» EXERCISE GOAL:
Your task is to give the listing below back word for word, pictures excluded.

» EXERCISE DATA:

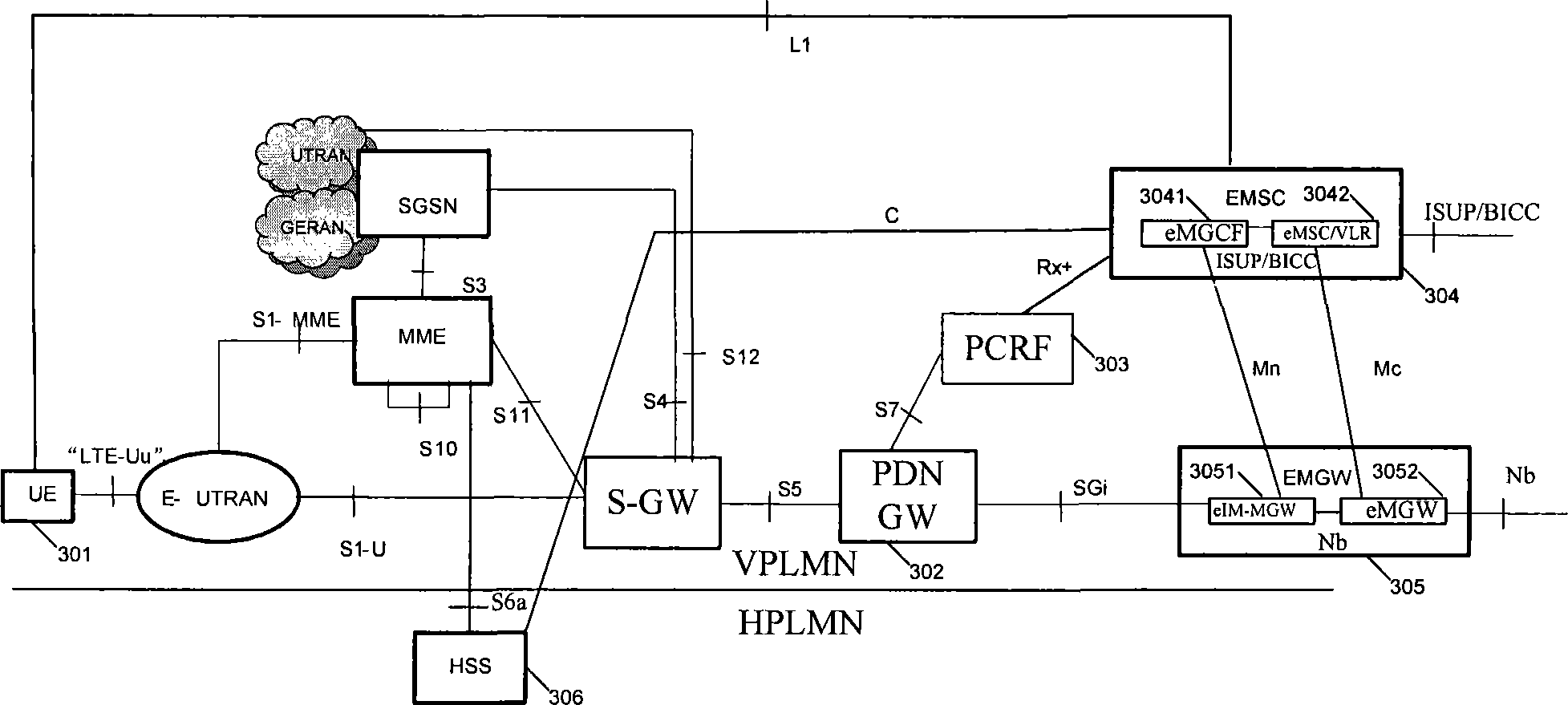 System for implementing network backward compatibility, and adherence, de-adherence method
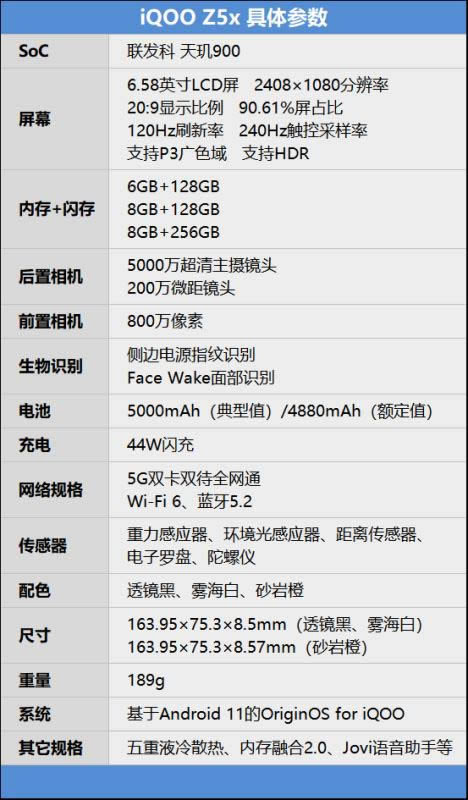 iQOOZ5xò iQOOZ5xʹw(yn)_֙C(j)u(png)y(c)_֙C(j)W(xu)Ժ_վ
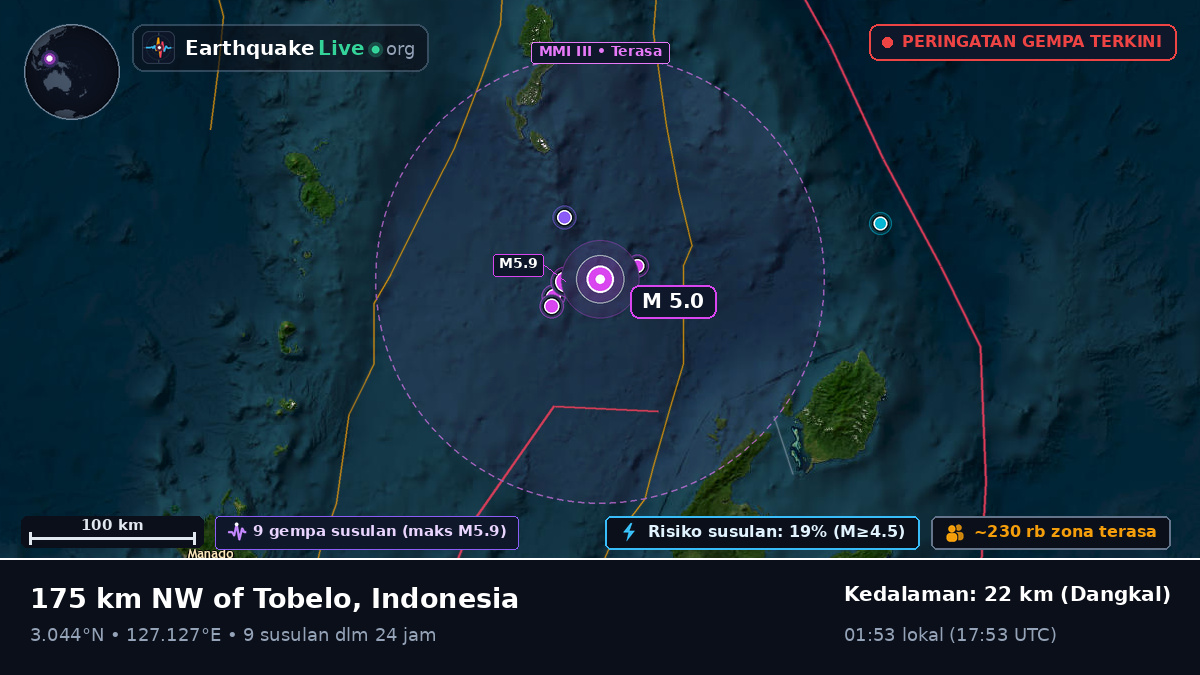 Samudra Pasifik Utara (Indonesia)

» EXERCISE RESULT:
 System for implementing network backward compatibility, and adherence, de-adherence method
 iQOOZ5xò iQOOZ5xʹw(yn)_֙C(j)u(png)y(c)_֙C(j)W(xu)Ժ_վ
 Samudra Pasifik Utara (Indonesia)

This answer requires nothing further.